McMullin, Elise mcmullea at kl.com
Tue Aug 3 11:46:01 EDT 1999


>Helen confessed:

>"I have the same thing but for the cover picture.  Some pictures just make me
>squirm and I have to pick a book up and try to decide if it is worth reading 
>despite the covers lack of appeal."
>
>"Other covers just draw the eye and my hand is reaching out to the book 
>before I realise what I'm doing.  For instance, Robin McInley's The Blue 
>Sword had such a compelling cover of a girl on a horse with a sword (and I'm 
a sucker for those) that I just had to buy it."

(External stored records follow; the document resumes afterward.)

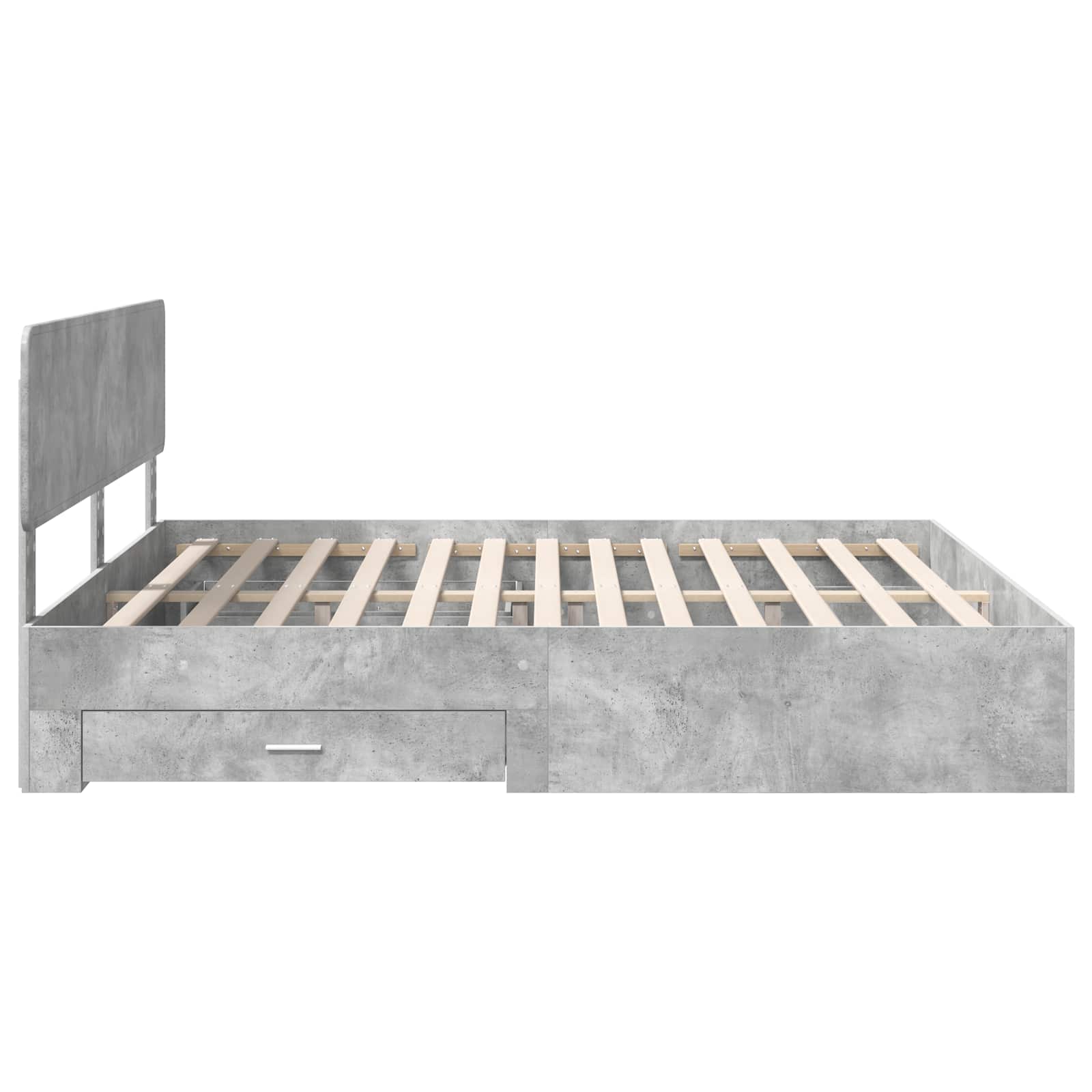Krevetna konstrukcija s uzglavljem Betonski sivi 200 x 200 cm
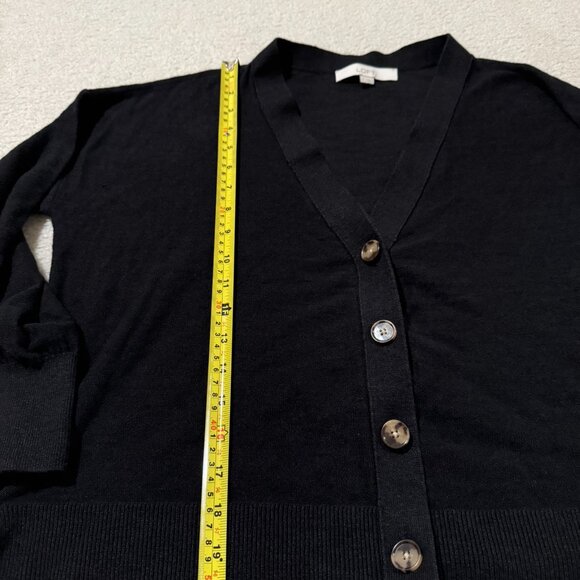 Loft v-neck button up boxy fit black cardigan in M - Picture 4 of 6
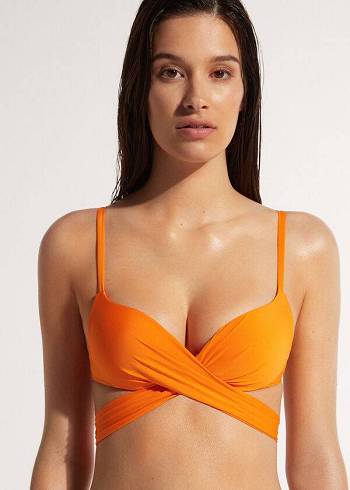 Calzedonia Yastıklı Push Up Indonesia Eco Bikini Üstleri Kadın Turuncu | TR2371UT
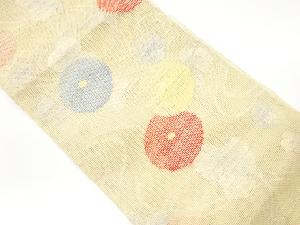 紗紬万寿菊模様織出し名古屋帯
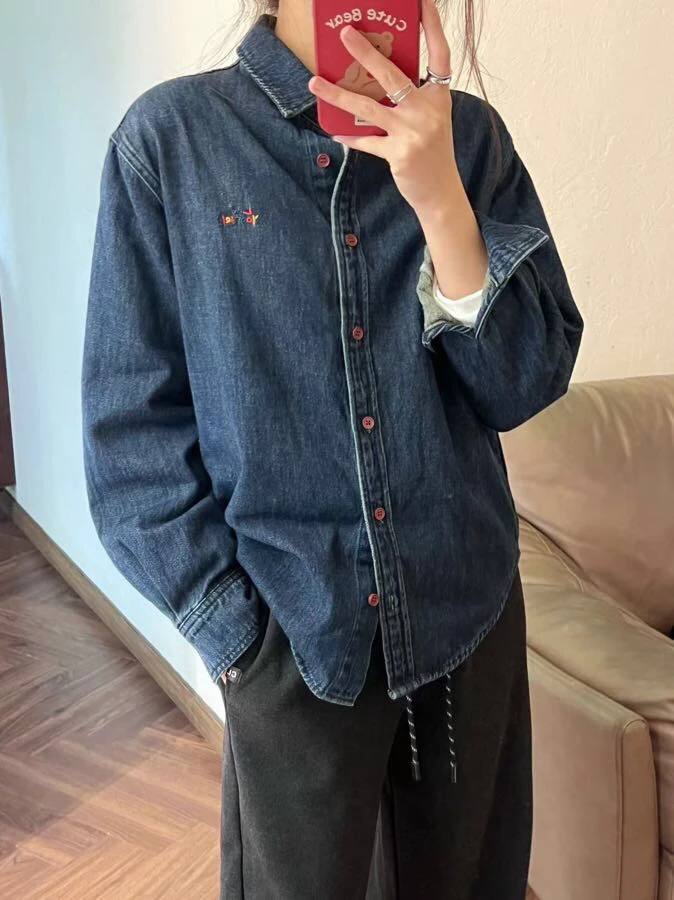 冬季磨毛牛仔衬衣6688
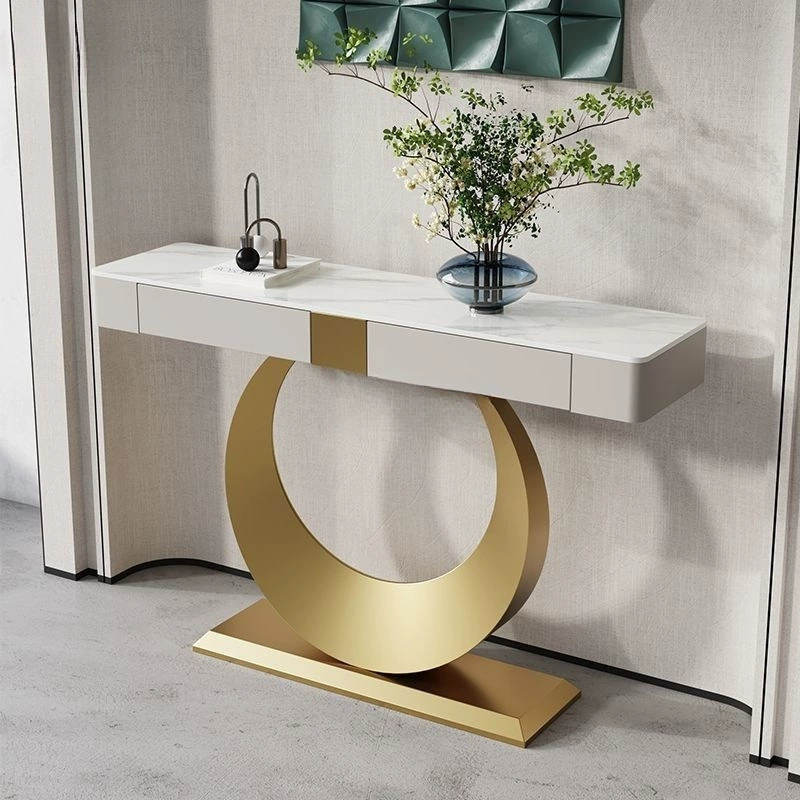 TTB легкий роскошный входной стол из спеченного камня с ящиками, современный минималистичный консольный стол для прихожей или коридора, устанавливаемый у стены.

You aren't alone Helen  :)  I also *do* tend to judge a book by its
cover and sometimes the cover just has to be overcome.  And sometimes I
like the cover better than the book - I think of those Patricia Keneally
Morrison Celts-In-Space books.  Gorgeous covers but the actual books
turned out to not be my mug of java.  Still, I often pluck them from the
bookstore shelf before I realize that I have no interest in the
contents.

I don't know the name of that illustrator who does those wonderful
fantasy illustrations.  I've seen his/her work on the Year's Best
Fantasy & Sci-fi anthologies, the Keneally Morrison books, all over the
place.  The work is very High Fantasy.  And the cover for McKillip's
Book of Atrix Wolfe - that illustrator is another great one.  Deerskin
had a great cover.  I like the covers on Sean Stewart's and Kara
Dalkey's books too. And speaking of Dragonsong and Dragonsinger, my
paperbacks of those had beautiful illustrations - don't know if they
still have the same ones.  Dragonsinger had a slight girl with wavy
brown hair wearing a richly patterned robe standing in the window of a
grey keep.  Nice!

Tepid title and yick-covers can hinder but they won't stop, though.
Sometimes I get very finicky over the cover illustrations to dwj books,
but I know I'll be thrilled with the contents.  With dwj covers I often
feel like the illustration doesn't match my idea of the story - and yet
they are always accurate insofar as they depict characters and events
from the story.  I think I might prefer it if they showed a scene but no
characters on the cover - so there would be no dissonance with the
pictures in my mind.  Not sure though.  I thought the cover
illustrations to the new editions of Lives of Christopher Chant (and the
little Chrestomanci portrait they have on all the Chrestomanci books)
was really good - a really good flavorful Chrestomanci.  Unmistakably
Chrestomanci and none other.   It's just not the same person I had in
mind, exactly.

 But that's all looking the gift horse in the mouth. I'd seek them, buy
them and read them over and over even if the covers and titles were
repellant.  At least I know that if dwj had a book called Unicornia the
Horse Girl, with rainbows and shimmery sad-eyed sylphs on the front of
it, it would be a really amusing book.

On the other hand, I really love the cover to my copy of Archer's Goon,
showing the Goon hugely sitting in a chair having a snack and smirking
toward the unsuspecting potential reader.  That's a *great* cover which
does seem to capture the flavor that I get from the story.

And I'd rather see all dwj tales interpreted in all media than not!

But what of thinking of books where everything was consistent and
pleasing - story and title and cover?